* **WHAT IS NEEDED**
Could the lines from the top of the material to the line that contains "A picture of" be retyped exactly, both included and pictures omitted?

* **DATASET CONTENT**
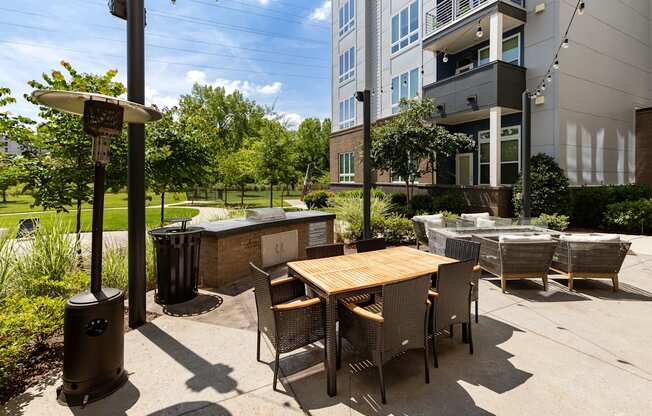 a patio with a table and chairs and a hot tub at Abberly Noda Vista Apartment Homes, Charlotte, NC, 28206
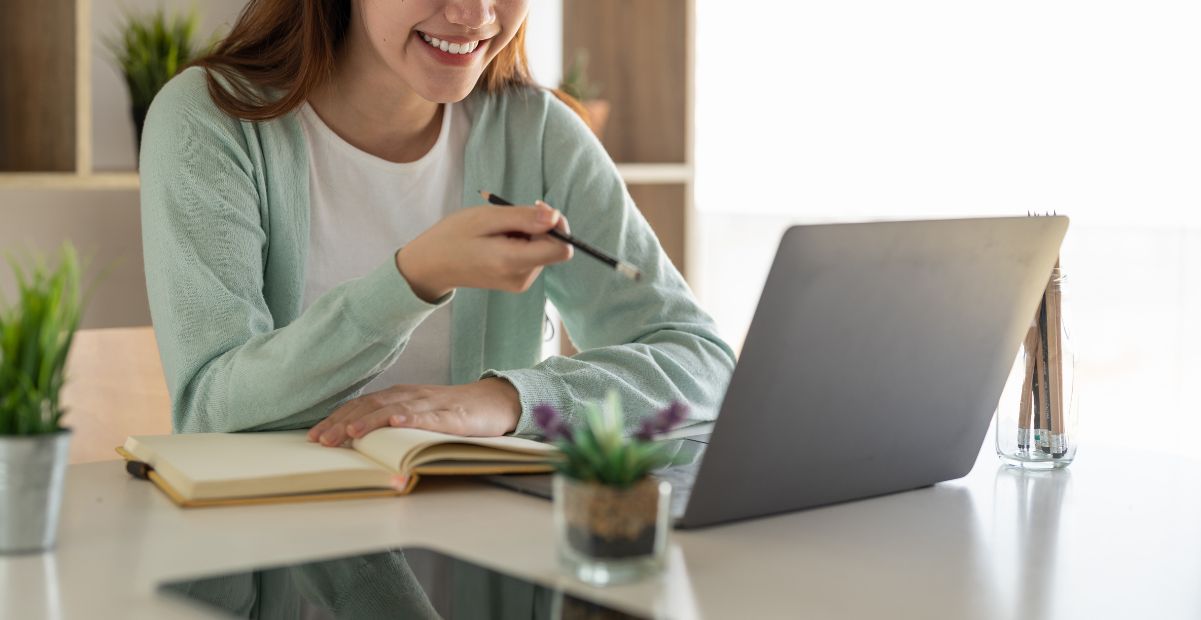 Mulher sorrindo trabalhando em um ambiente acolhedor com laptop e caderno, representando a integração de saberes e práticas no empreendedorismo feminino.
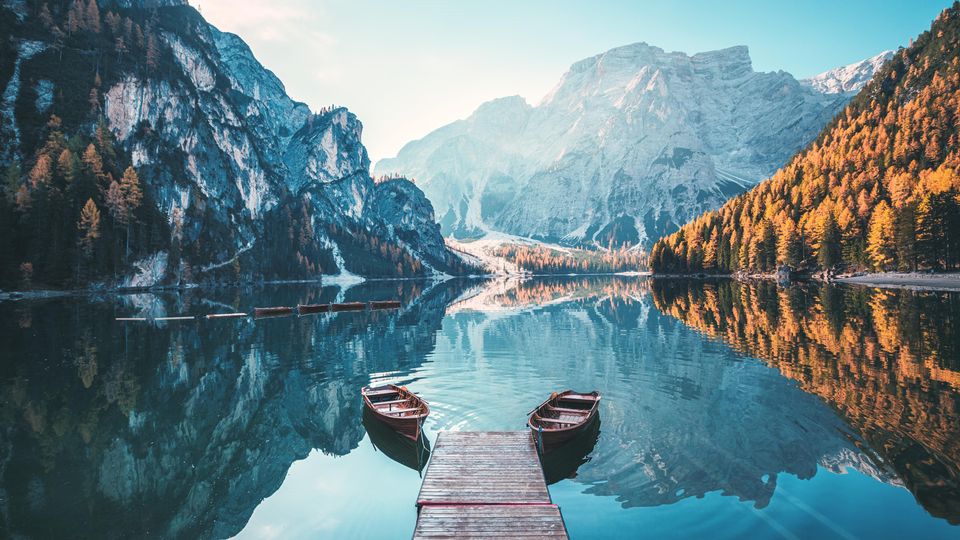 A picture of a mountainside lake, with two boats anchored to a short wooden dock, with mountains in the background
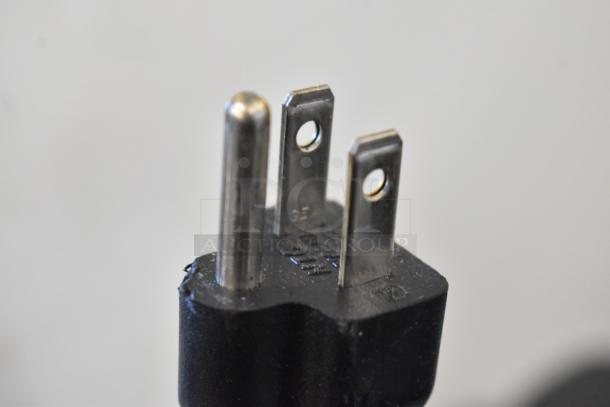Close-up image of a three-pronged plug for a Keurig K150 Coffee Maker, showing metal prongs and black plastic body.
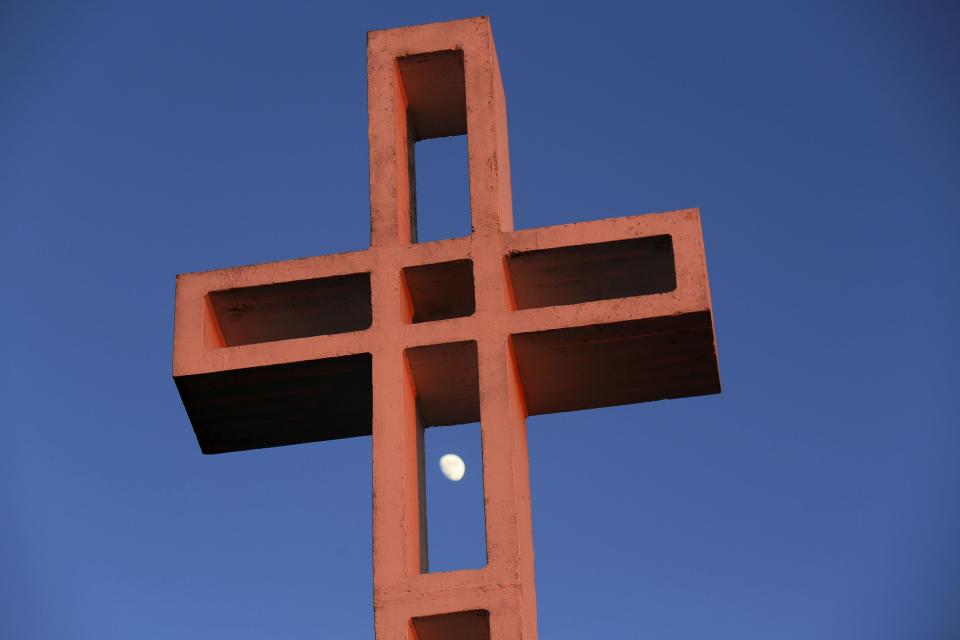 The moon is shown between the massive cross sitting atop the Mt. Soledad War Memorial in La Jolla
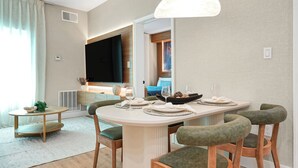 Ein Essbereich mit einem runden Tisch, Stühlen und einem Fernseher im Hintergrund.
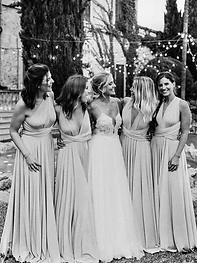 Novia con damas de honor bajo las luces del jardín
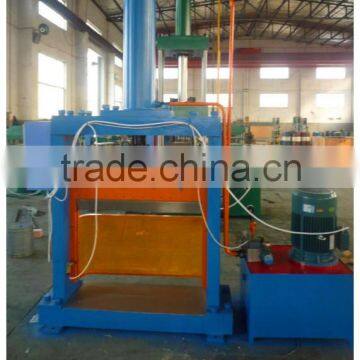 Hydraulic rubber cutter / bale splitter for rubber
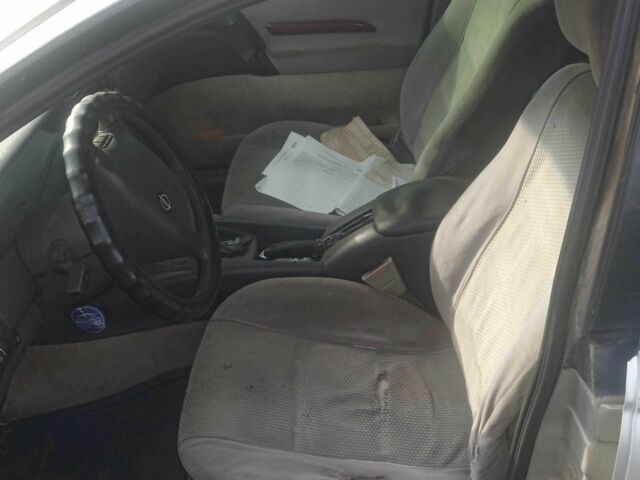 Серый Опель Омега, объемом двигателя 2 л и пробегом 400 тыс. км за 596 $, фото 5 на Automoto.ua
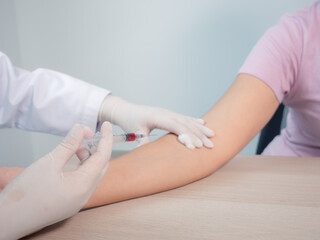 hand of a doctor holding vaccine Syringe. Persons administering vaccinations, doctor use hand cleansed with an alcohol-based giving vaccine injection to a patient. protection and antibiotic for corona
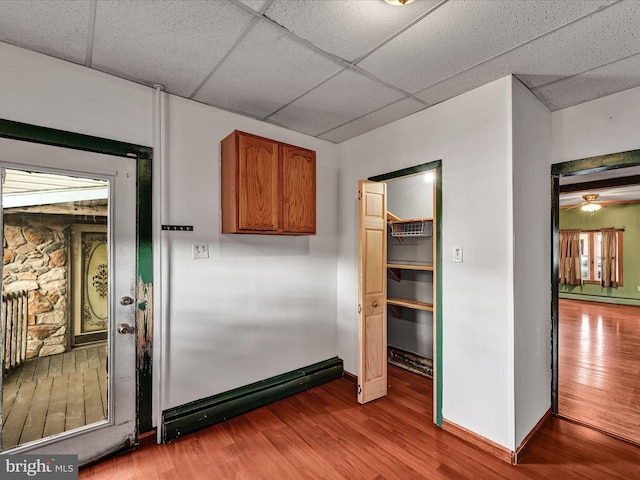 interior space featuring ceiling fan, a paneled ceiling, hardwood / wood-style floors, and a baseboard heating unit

* **TASK SOLUTION**
 a patio with a table and chairs and a hot tub at Abberly Noda Vista Apartment Homes, Charlotte, NC, 28206
 Mulher sorrindo trabalhando em um ambiente acolhedor com laptop e caderno, representando a integração de saberes e práticas no empreendedorismo feminino.
 A picture of a mountainside lake, with two boats anchored to a short wooden dock, with mountains in the background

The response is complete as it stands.